Hevo Pipelines stage the Source data in Google Cloud Storage (GCS) buckets before loading it to your BigQuery Destination. Hevo can transfer data to the GCS buckets only if they are in the same location as the dataset, except when the datasets are in the US multi-region. Read Location considerations for further details about the requirements to transfer data from GCS buckets to BigQuery tables. Buckets are basic units of storage in GCS, and they hold your data until the time Hevo loads it into your BigQuery tables.

Note: For a select range of Sources, Hevo provides a pre-configured and fully managed Google BigQuery data warehouse Destination. Read Hevo Managed Google BigQuery.

Roles and permissions

Hevo requires that the following predefined roles are assigned to the connecting Google account for the configured GCP project, to enable Hevo to read and write data from and to BigQuery and the GCS buckets.

Roles Description
BigQuery  
BigQuery Data Editor Grants Hevo permission to:

- Create new datasets in the project.

- Read a dataset’s metadata and list the tables in the dataset.
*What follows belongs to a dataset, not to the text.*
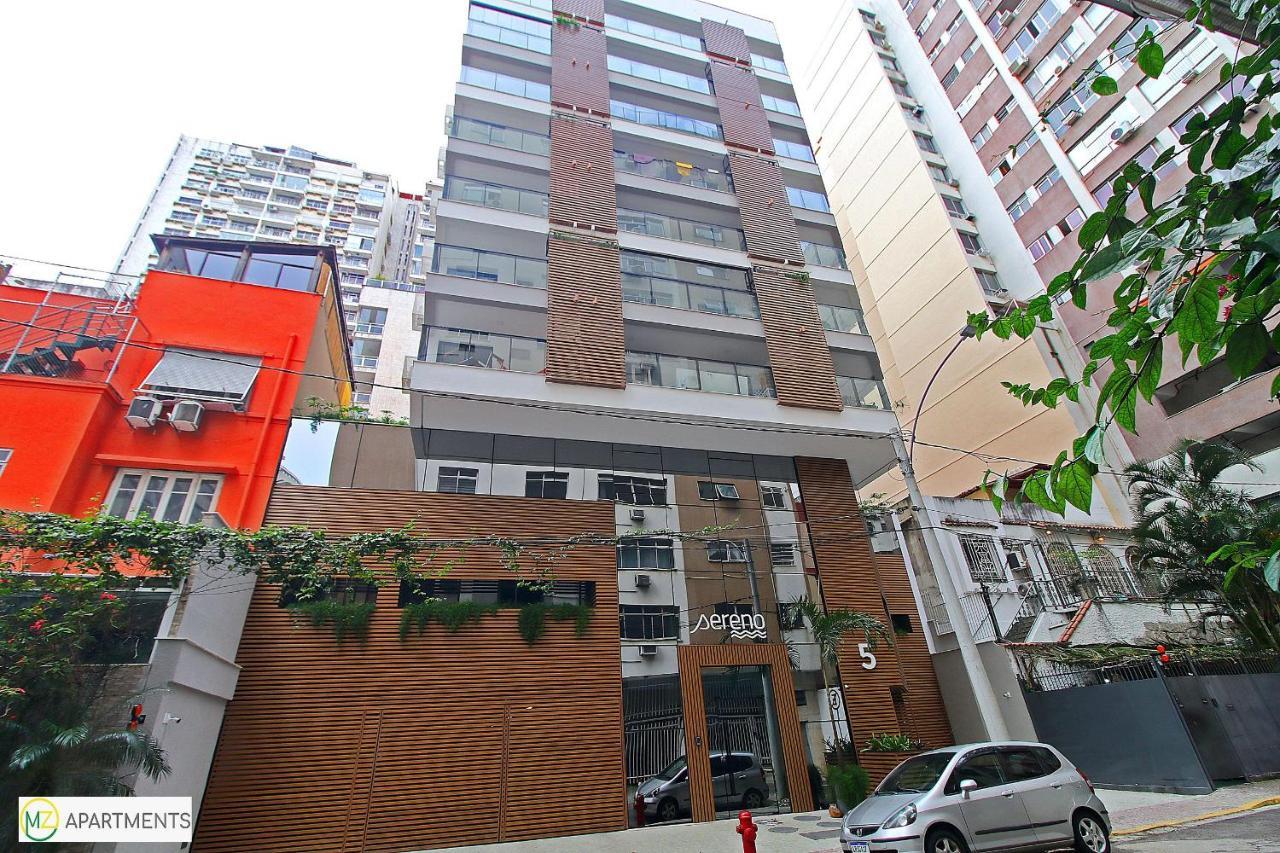 리오데자네이루 Studio De Luxo Novo Em Copacabana Para 4 Pessoas 아파트 외부 사진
- Create, update, get, and delete tables and views from a dataset.

- Read and update data and metadata for the tables and views in a dataset.
BigQuery Job User Grants Hevo permission to perform actions such as loading data, exporting data, copying data, and querying data in a project.
Google Cloud Storage  
Storage Admin Grants Hevo permission to list, create, view, and delete:

- Objects in GCS buckets.

- GCS buckets.

If you do not want to assign the Storage Admin role, you can create a custom role at the project or organization level, add the following permissions, and assign this role to the connecting Google account, to grant Hevo access to GCS resources:

  • resourcemanager.projects.get

  • storage.buckets.create

  • storage.buckets.delete

  • storage.buckets.get

  • storage.buckets.list

  • storage.buckets.update

  • storage.multipartUploads.abort

  • storage.multipartUploads.create

  • storage.multipartUploads.list

  • storage.multipartUploads.listParts

  • storage.objects.create

  • storage.objects.delete

  • storage.objects.get

  • storage.objects.list

  • storage.objects.update

Note: Hevo uses its GCS bucket if the connecting Google account is not assigned the Storage Admin role or a custom role.

Google account authentication

You can connect to your BigQuery Destination with a user account (OAuth) or a service account. One service account can be mapped to your entire team. You must provide the required roles to both types of accounts for accessing GCP-hosted services such as BigQuery and the GCS buckets. Read Authentication for GCP-hosted Services to know how to assign these roles to your user account and service account.

The following image illustrates the key steps that you need to complete to configure Google BigQuery as a Destination in Hevo:

BigQuery Destination Setup


Handling Source Data with Different Data Types

For teams created in or after Hevo Release 1.56, Hevo automatically modifies the data type of Google BigQuery table columns to accommodate Source data with different data types. Data type promotion is performed on tables whose size is less than 50 GB. Read Handling Different Data Types in Source Data.

Note: Your Hevo release version is mentioned at the bottom of the Navigation Bar.


Handling JSON Fields

Read Parsing Nested JSON Fields in Events to know how Hevo parses the JSON data and makes it available at the Destination. Because BigQuery has built-in support for nested and repeated columns, JSON data is neither split nor compressed, but based on the Source type, arrays may be collapsed into JSON strings or passed as-is to the Destination. Read JSON functions in Standard SQL to know about parsing JSON strings back to arrays.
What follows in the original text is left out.